▸ **ASSIGNED TASK**
Required from the data below: the exact lines starting at the line containing "1426 Nelson Dr, Lynchburg, VA" and ending at the line containing "A black and", with both ends kept and all pictures dropped.

▸ **RECORDS TO PROCESS**
------------------------------------------------------------

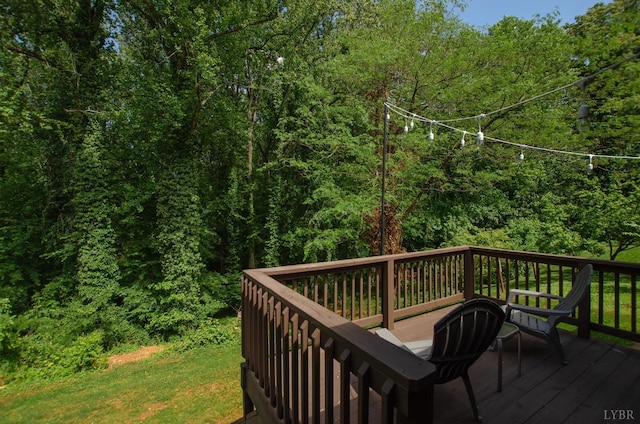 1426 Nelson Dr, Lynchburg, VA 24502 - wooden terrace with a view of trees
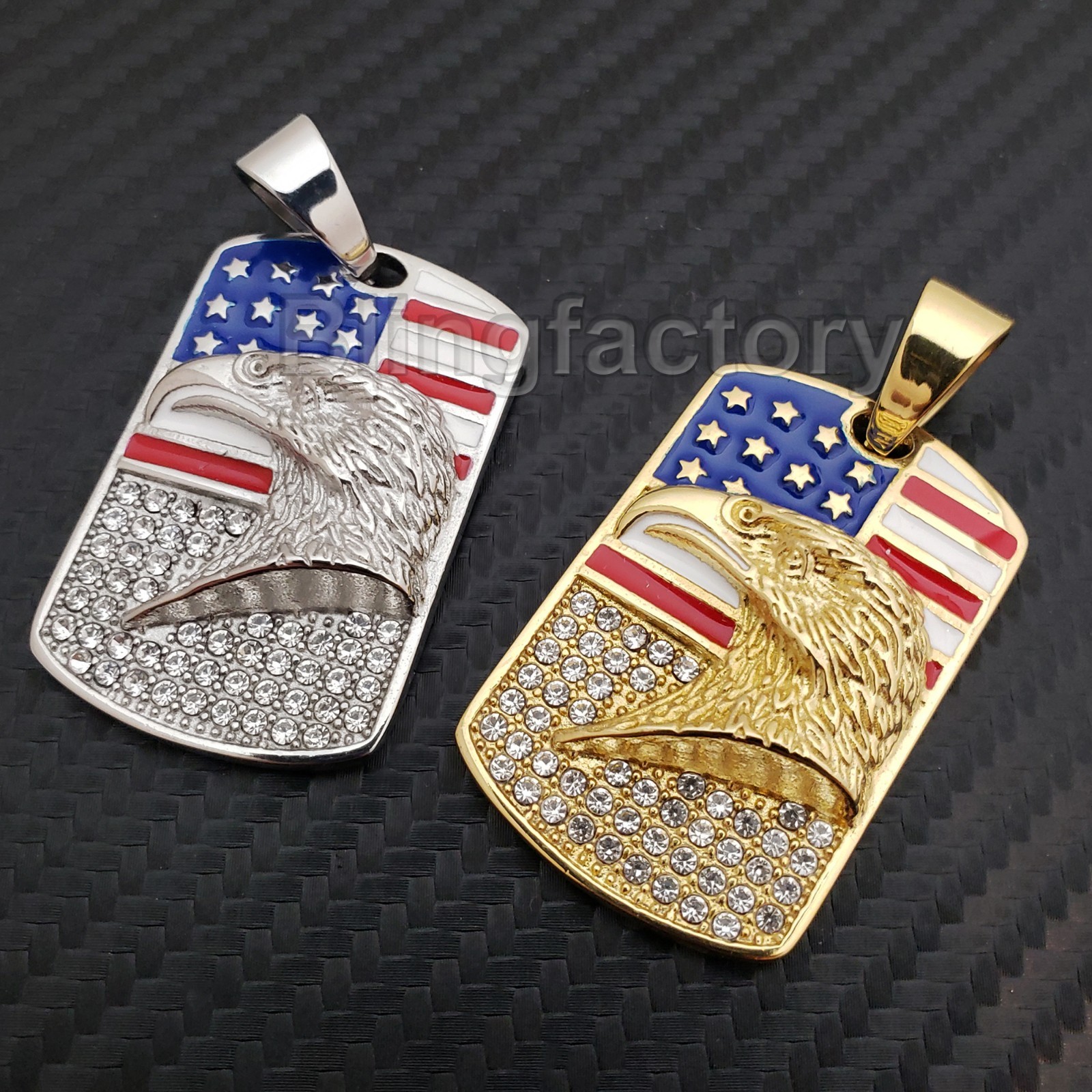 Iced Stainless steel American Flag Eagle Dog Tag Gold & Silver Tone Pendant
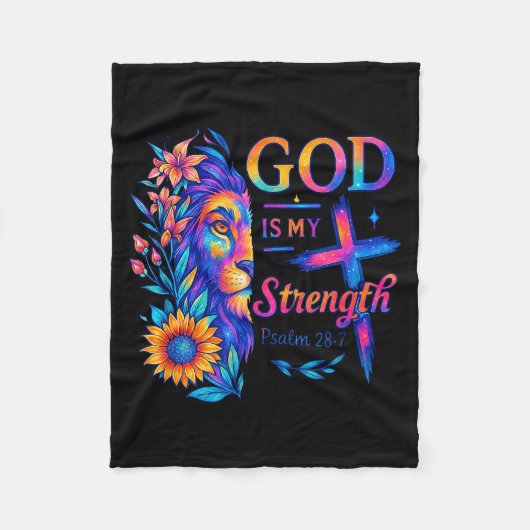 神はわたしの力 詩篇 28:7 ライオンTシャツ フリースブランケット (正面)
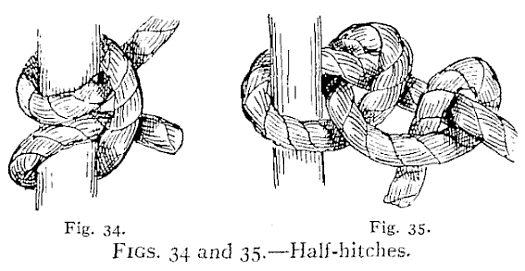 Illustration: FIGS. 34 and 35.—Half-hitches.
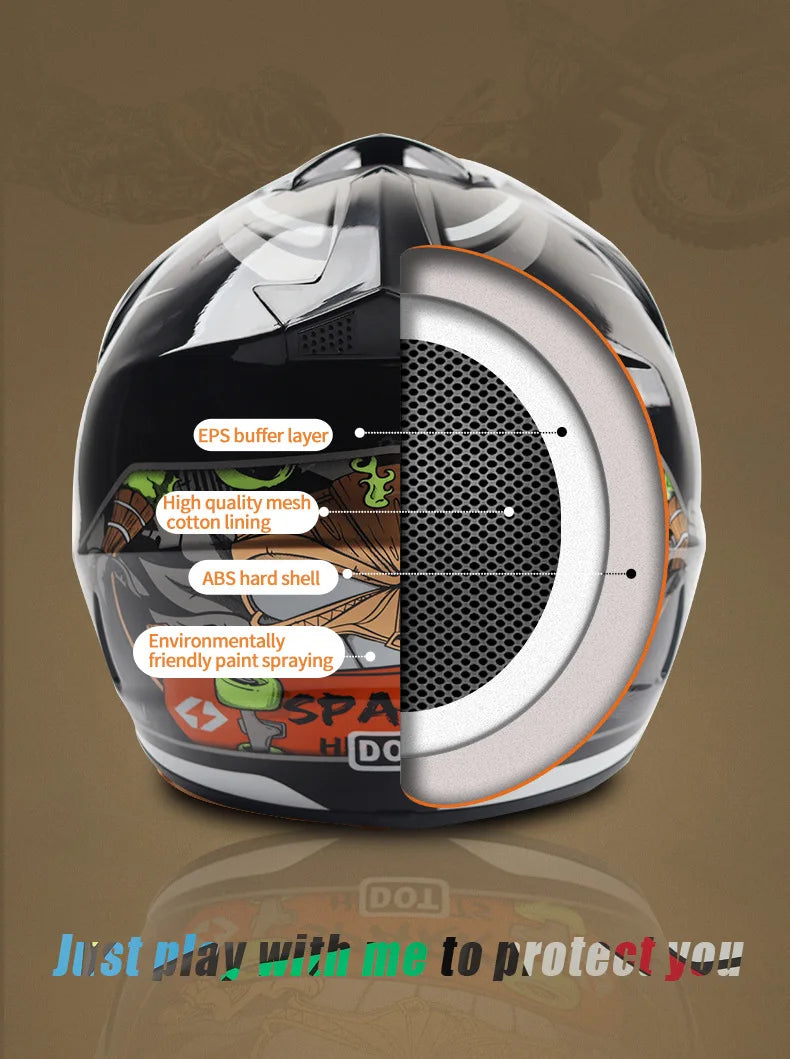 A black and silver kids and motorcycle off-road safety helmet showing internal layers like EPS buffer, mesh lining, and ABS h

------------------------------------------------------------

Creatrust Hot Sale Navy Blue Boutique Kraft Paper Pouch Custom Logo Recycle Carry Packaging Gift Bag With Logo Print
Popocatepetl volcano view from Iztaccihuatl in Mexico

------------------------------------------------------------

▸ **REPLY TO THE EXERCISE**
 1426 Nelson Dr, Lynchburg, VA 24502 - wooden terrace with a view of trees
 Iced Stainless steel American Flag Eagle Dog Tag Gold & Silver Tone Pendant
 神はわたしの力 詩篇 28:7 ライオンTシャツ フリースブランケット (正面)
 Illustration: FIGS. 34 and 35.—Half-hitches.
 A black and silver kids and motorcycle off-road safety helmet showing internal layers like EPS buffer, mesh lining, and ABS h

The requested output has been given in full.